Probabilistic analysis and scenario analysis both require simulation of a range of possible futures. Ensembles of future hydrologic scenarios can be based on the statistical characteristics of the historical record. Reconstructed paleohydrology can be used to extend the record. (PDSI data can be used to derive sequences of hydrologic states that can be used along with historic flow values.) Climate change projections can generate futures that are not based on the past. The RiverSMART tools for hydrologic simulation can be used for any of these techniques. The library consists of R code and a graphical user interface through which the user specifies the reference sequence, the sampling parameters, the paleo sequence, the conditioning method (Homogeneous Markov or Non-homogeneous Markov), increase or decrease in mean and other parameters.

KNN Resampling

Ensembles of stochastic hydrologic sequences (traces) are typically based on the statistical characteristics of the historical record. The RiverSMART tool set includes a Hydrology Simulator that generates ensembles of traces based on a nonparametric K-nearest neighbor (KNN) technique (Prairie et al., 2006). This simple approach is akin to simulating from the conditional PDF without actually fitting it; thus it has the ability to capture any nonlinear or non-Gaussian features present in the data. This resampling can also be used in the paleo record and climate change projections.

Nonparametric Simulation via Conditioning

This resampling technique of high-fidelity historic streamflow values can be “conditioned” on the richer variety of sequences found in the paleo record or in climate change projections. We implement the method by Prairie et al. (2008), in which paleo reconstructions are mined for their sequences of states (“wet” and “dry”) by modeling the state transitions using Markov Chain while the magnitude of streamflow is modeled from the observed flow data. This model can generate a rich variety of wet and dry spells. They can also be combined with climate change projections to generate flow scenarios that can capture the nonstationarity in the flow variability.

Temporal and Spatial Disaggregation

These techniques are combined with a multisite streamflow simulation method (Prairie et al 2006; Nowak et al., 2010) to generate monthly flow scenarios at the spatially distributed nodes in the basin.


Prairie, J., B. Rajagopalan, T. Fulp and E. Zagona, (2006), “Modified K-NN Model for Stochastic Streamflow Simulation,” Journal of Hydrologic Engineering, 11(4), 371-378, 2006.

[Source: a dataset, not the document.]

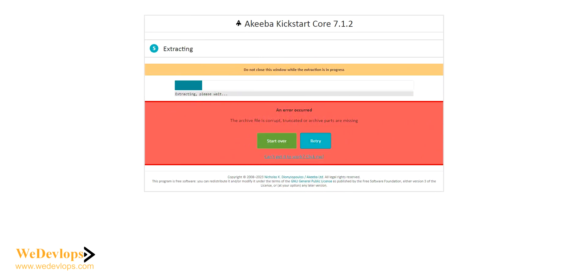Hello everyone, welcome once again to our video tutorial. In this video tutorial today, we will show you and guide you how to overcome this Akeeba Kickstart error.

Prairie, J., K. Nowak, B. Rajagopalan, U. Lall, and T. Fulp, (2008), “A Stochastic Nonparametric Approach for Streamflow Generation Combining Observational and Paleo Reconstructed Data,” Water Resources Research, 44.

Prairie, J., B. Rajagopalan, and U. Lall (2006), “A Stochastic Nonparametric Technique for Space-time Disaggregation of Streamflows,” Water Resources Research, 43.

Nowak, K., J. Prairie, B. Rajagopalan, and U. Lall (2010), “A Non-parametric Stochastic Approach for Multisite Disaggregation of Annual to Daily Streamflow,” Water Resources Research, 46.